Thomson Mary, Konerman Monica A, Choxi Hetal, Lok Anna S F
Department of Internal Medicine, University of Michigan Health System, 2F208 UH, 1500 East Medical Center Drive, Ann Arbor, MI, 48109, USA.
Division of Gastroenterology, Department of Internal Medicine, University of Michigan Health System, 3912 Taubman Center, 1500 East Medical Center Drive, SPC 5362, Ann Arbor, MI, 48109, USA.
Dig Dis Sci. 2016 Dec;61(12):3460-3468. doi: 10.1007/s10620-016-4097-2. Epub 2016 Mar 8.
Primary care physicians (PCPs) play a critical role in the care cascade for patients with chronic hepatitis C (CHC).
To assess PCP knowledge and perspectives on CHC screening, diagnosis, referral, and treatment.
An anonymous survey was distributed to PCPs who participated in routine outpatient care at our hospital.
Eighty (36 %) eligible PCPs completed the survey. More than half were females (60 %) aged 36-50 (55 %) from family (44 %) or internal (49 %) medicine. Overall, PCPs correctly identified high-risk populations for screening, though 19 % failed to identify baby boomers and 45 % failed to identify hemodialysis patients as populations to screen. Approximately half reported they were able to screen at risk patients <50 % of the time secondary to time constraints and difficulty assessing if patients had already been screened. 71 % of PCPs reported they refer all newly diagnosed patients to specialty care. 70 % of PCPs did not feel up to date with current treatment. The majority grossly underestimated efficacy, tolerability and ease of administration, and overestimated treatment duration. Only 9 % felt comfortable treating CHC, even those without cirrhosis. Practice patterns were influenced by specialty and Veterans Affairs Hospital affiliation.
Although the majority of PCPs are up to date with CHC screening recommendations, few are able to routinely screen in practice. Most PCPs are not up to date with treatment and do not feel comfortable treating CHC. Interventions to overcome screening barriers and expand treatment into primary care settings are needed to maximize access to and use of curative therapies.

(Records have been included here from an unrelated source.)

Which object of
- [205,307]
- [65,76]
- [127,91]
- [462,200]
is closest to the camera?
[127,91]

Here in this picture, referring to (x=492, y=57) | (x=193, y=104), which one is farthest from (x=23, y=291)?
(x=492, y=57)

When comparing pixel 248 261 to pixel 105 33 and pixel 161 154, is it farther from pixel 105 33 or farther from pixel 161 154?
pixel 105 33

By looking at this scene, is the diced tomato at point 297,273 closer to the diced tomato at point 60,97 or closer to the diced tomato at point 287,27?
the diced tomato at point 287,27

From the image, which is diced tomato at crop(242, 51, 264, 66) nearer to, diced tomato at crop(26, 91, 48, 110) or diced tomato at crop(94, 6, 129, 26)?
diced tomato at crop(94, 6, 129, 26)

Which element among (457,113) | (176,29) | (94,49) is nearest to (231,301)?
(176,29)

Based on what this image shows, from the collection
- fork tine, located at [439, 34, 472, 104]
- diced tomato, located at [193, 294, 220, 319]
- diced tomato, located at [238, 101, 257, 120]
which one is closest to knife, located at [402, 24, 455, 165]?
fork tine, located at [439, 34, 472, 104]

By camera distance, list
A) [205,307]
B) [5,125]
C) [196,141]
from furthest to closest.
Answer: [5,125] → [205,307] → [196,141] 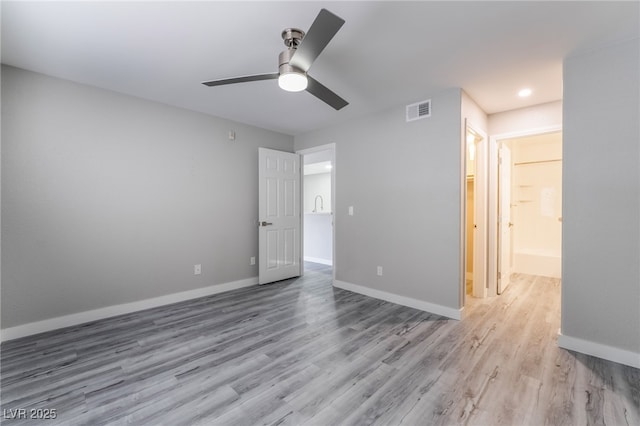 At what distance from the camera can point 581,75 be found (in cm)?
232

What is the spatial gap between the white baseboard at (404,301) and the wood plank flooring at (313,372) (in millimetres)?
123

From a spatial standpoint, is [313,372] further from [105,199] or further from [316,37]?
[105,199]

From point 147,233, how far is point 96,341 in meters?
1.24

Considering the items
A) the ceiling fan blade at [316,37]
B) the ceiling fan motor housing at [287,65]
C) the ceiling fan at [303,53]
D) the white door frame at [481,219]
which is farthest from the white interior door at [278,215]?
the white door frame at [481,219]

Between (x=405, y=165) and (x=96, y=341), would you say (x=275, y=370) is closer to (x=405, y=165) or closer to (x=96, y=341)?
(x=96, y=341)

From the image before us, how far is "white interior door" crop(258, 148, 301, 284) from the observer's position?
4332mm

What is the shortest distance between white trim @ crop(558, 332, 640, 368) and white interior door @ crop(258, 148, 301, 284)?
3.55 metres

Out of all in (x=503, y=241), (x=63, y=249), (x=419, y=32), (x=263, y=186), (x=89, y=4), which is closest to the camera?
(x=89, y=4)

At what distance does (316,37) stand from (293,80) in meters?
0.37

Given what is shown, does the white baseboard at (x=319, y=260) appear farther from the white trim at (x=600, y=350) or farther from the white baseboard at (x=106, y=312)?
the white trim at (x=600, y=350)

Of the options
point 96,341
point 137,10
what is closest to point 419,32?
point 137,10

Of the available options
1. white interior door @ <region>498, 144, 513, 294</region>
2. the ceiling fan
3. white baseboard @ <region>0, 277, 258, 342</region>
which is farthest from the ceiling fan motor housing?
white interior door @ <region>498, 144, 513, 294</region>

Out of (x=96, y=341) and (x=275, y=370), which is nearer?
(x=275, y=370)

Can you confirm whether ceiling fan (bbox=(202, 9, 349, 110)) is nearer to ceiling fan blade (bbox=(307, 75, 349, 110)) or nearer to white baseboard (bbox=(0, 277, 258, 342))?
ceiling fan blade (bbox=(307, 75, 349, 110)) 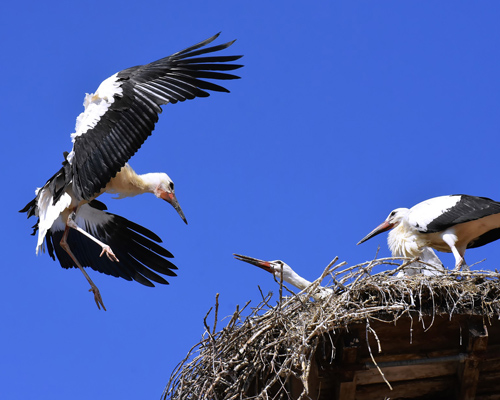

基层医疗医生在慢性丙型肝炎(CHC)患者的治疗过程中发挥着关键作用。
评估基层医疗医生对CHC筛查、诊断、转诊和治疗的知识及观点。
向在我院参与常规门诊治疗的基层医疗医生发放匿名调查问卷。
80名(36%)符合条件的基层医疗医生完成了调查。超过半数为女性(60%),年龄在36 - 50岁之间(55%),来自家庭医学(44%)或内科(49%)。总体而言,基层医疗医生能够正确识别筛查的高危人群,不过19%未能识别婴儿潮一代,45%未能将血液透析患者识别为应筛查人群。约半数报告称,由于时间限制以及难以评估患者是否已接受过筛查,他们仅能在不到50%的时间里对有风险的患者进行筛查。71%的基层医疗医生报告称他们会将所有新诊断的患者转诊至专科护理。70%的基层医疗医生感觉自己对当前治疗方法并不了解。大多数人严重低估了疗效、耐受性和给药便利性,且高估了治疗持续时间。即便对于无肝硬化的患者,也只有9%的人对治疗CHC感到得心应手。实践模式受到专业和退伍军人事务医院附属关系的影响。
尽管大多数基层医疗医生了解CHC筛查建议,但在实践中能够常规进行筛查的人很少。大多数基层医疗医生不了解治疗方法,且对治疗CHC感到不自信。需要采取干预措施来克服筛查障碍,并将治疗扩展到基层医疗环境中,以最大限度地提高获得和使用治愈性疗法的机会。